Он посмотрел на неё, открыл кожаную сумку и среди склянок и баночек с мазями поискал лекарство, которое дают лошадям от простуды. Но его не было. В этом случае лошадь ставили, оборачивали горячим покрывалом и ждали, умрёт она или организм справится с болезнью.

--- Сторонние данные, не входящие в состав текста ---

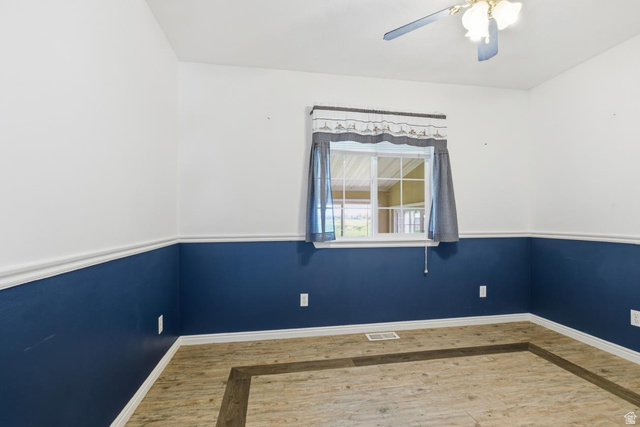 435 East 4th North Preston, ID 83263 - Photo 13 of 26 Interior room featuring a window with white trim, wood-finish flooring, a ceiling fan with light fixture, and two-tone wall paint with chair rail molding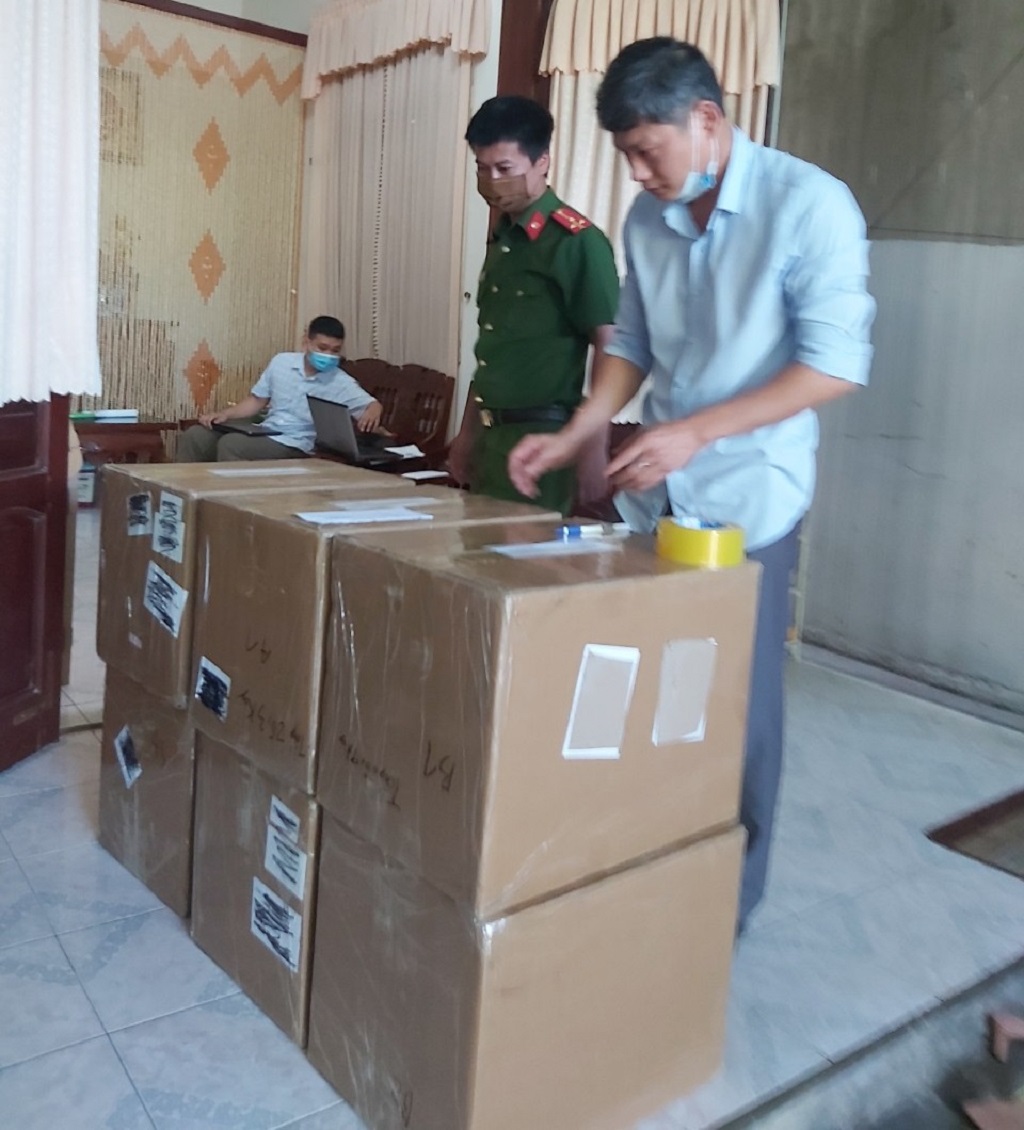 Lực lượng chức năng kiểm tra các thùng cát-tông chứa bộ dụng cụ test nhanh Covid-19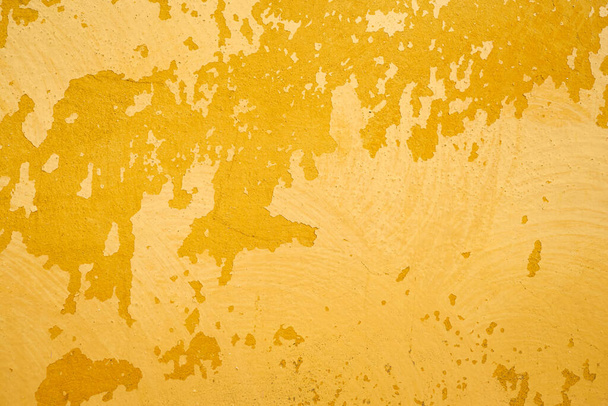 Mur jaune avec de la vieille peinture fissurée comme fond. - Photo, image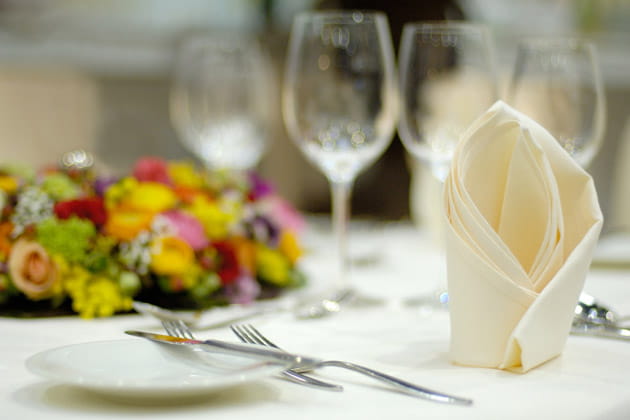 Ein schön gedeckter Tisch mit Teller, Besteck, Gläsern, Blumenkranz und gefalteter weißer Serviette.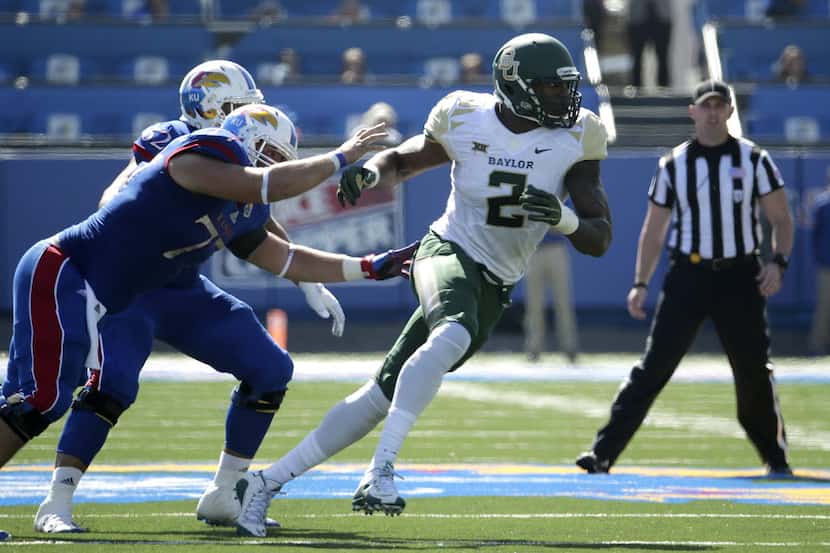 Baylor defensive end Shawn Oakman (2) rushes during the first half of an NCAA college...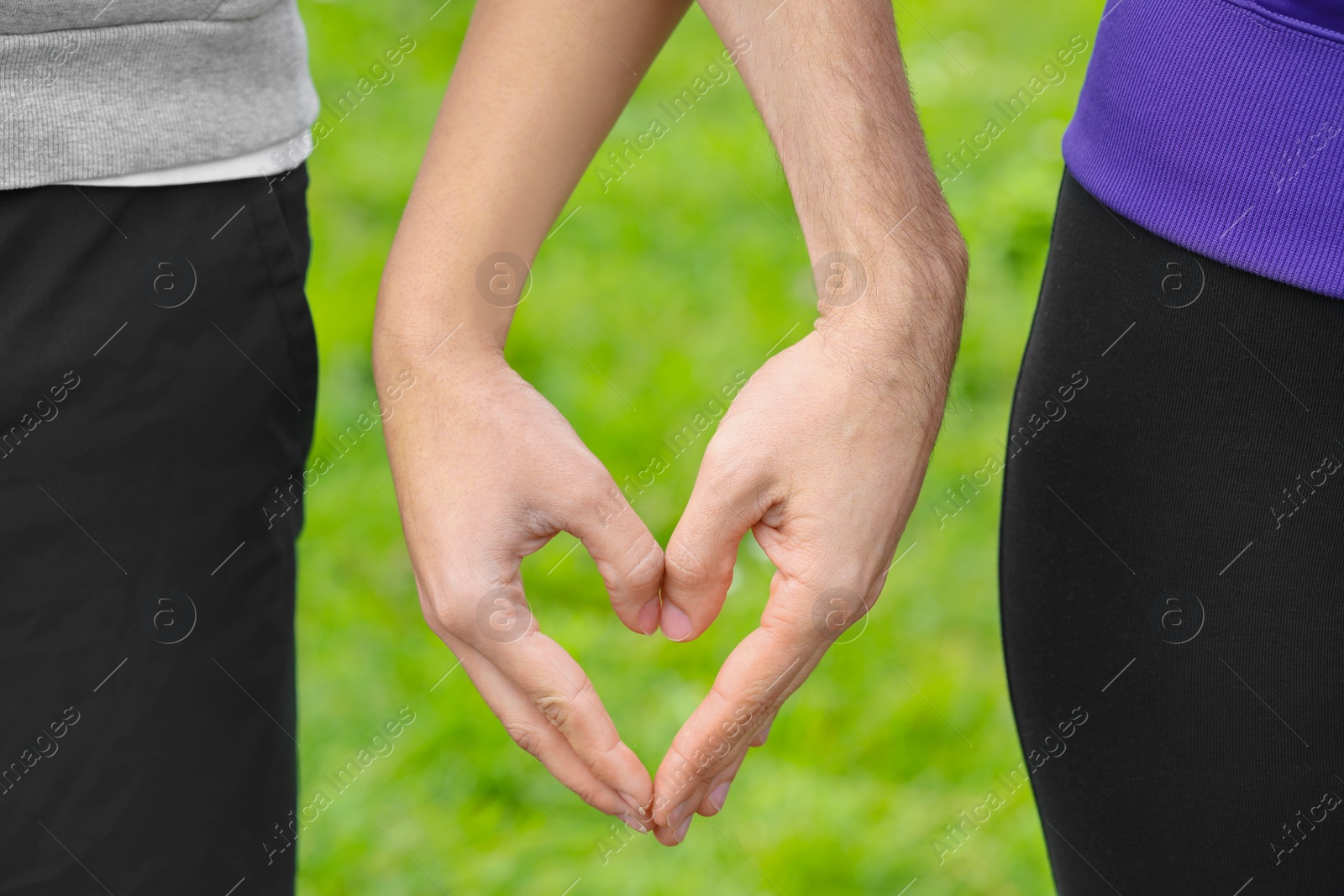 Photo of Couple making heart with hands outdoors, closeup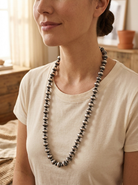 Close-up of the Cowhide & Conchos Saucer Sterling Pearl Statement Necklace — lustrous saucer-shaped pearls, premium Western statement.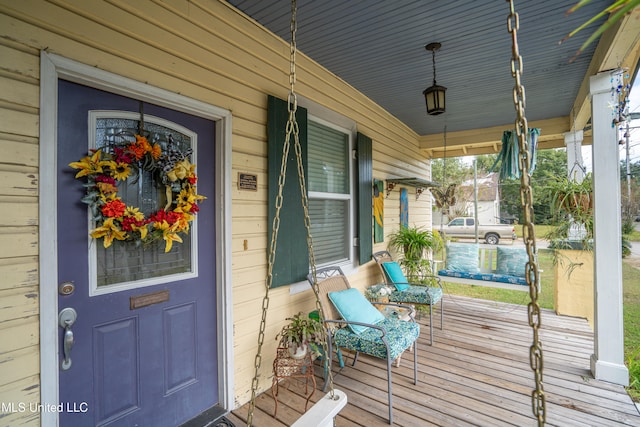 view of exterior entry with a porch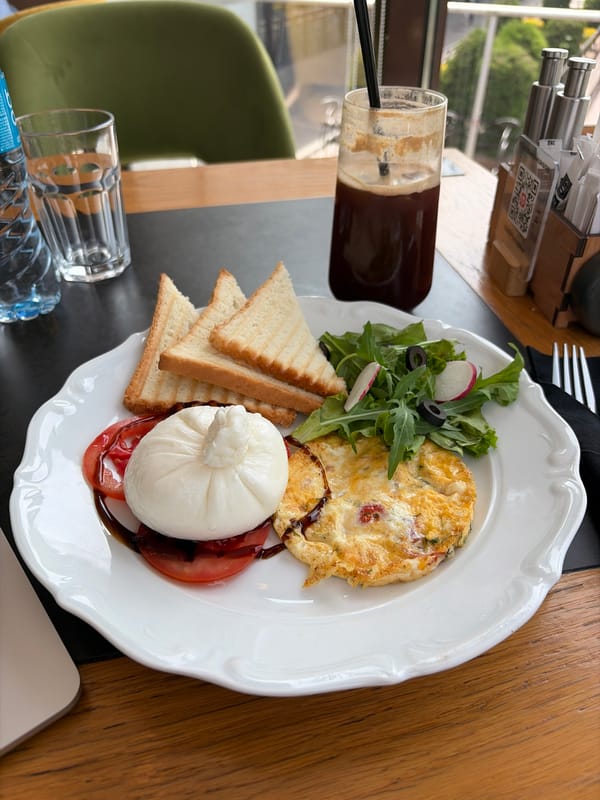 Breakfast with burrata served at Almaty café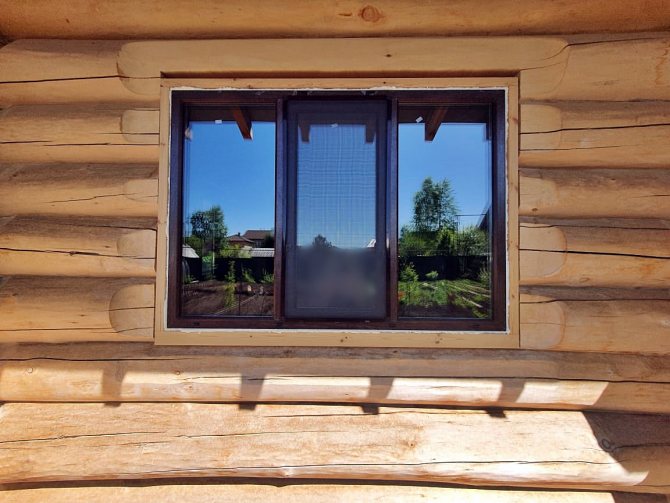 Deschiderea ferestrei într-o casă de bușteni sub o fereastră din plastic - vedere exterioară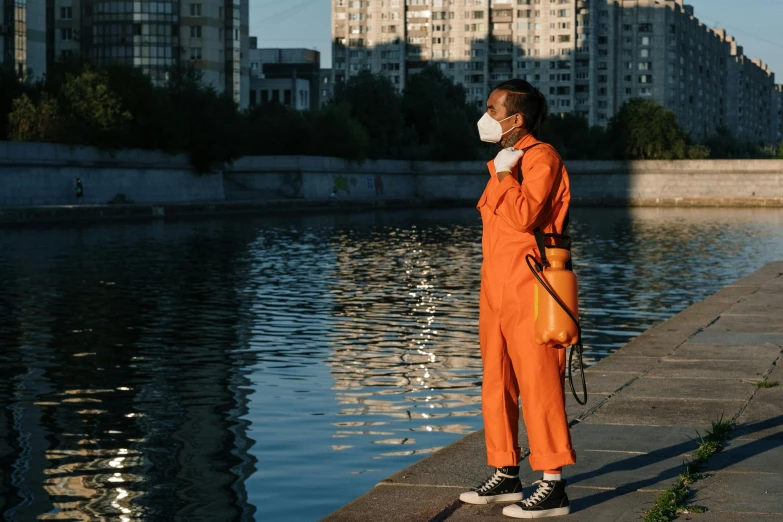 a man in an orange jumpsuit standing next to a body of water, by Julia Pishtar, pexels contest winner, respirator, in an urban setting, pilot outfit, moscow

— Отец, мне холодно... — неожиданно сказала Марина. Она пылала, при этом дрожа всем телом. Люпин накрыл её одеялом, подумал о лошадях и покрывалах и подошёл к двери.

— Мне нужна горячая и холодная вода! — крикнул он за дверь. — И большие полотенца. Быстрее!

— Уже бегут! — донеслось до Люпина, и он услышал, как за дверью началась суматоха.

— Я войду! — крикнул Мушков.

— Нет! — ответил заботливый отец. — Лучше делай, что я сказал!

Как только воду вскипятили и принесли, Мушков постучал в дверь.

— Воду принесли! Александр Григорьевич, дай только взглянуть на малого...

— Прочь от двери! — Люпин отодвинул в сторону сундук, открыл дверь и занёс два кожаных ведра в комнату. В одном от воды шёл пар. Ермак принёс охапку платков и тканей, из которых татарки шили себе нижние юбки.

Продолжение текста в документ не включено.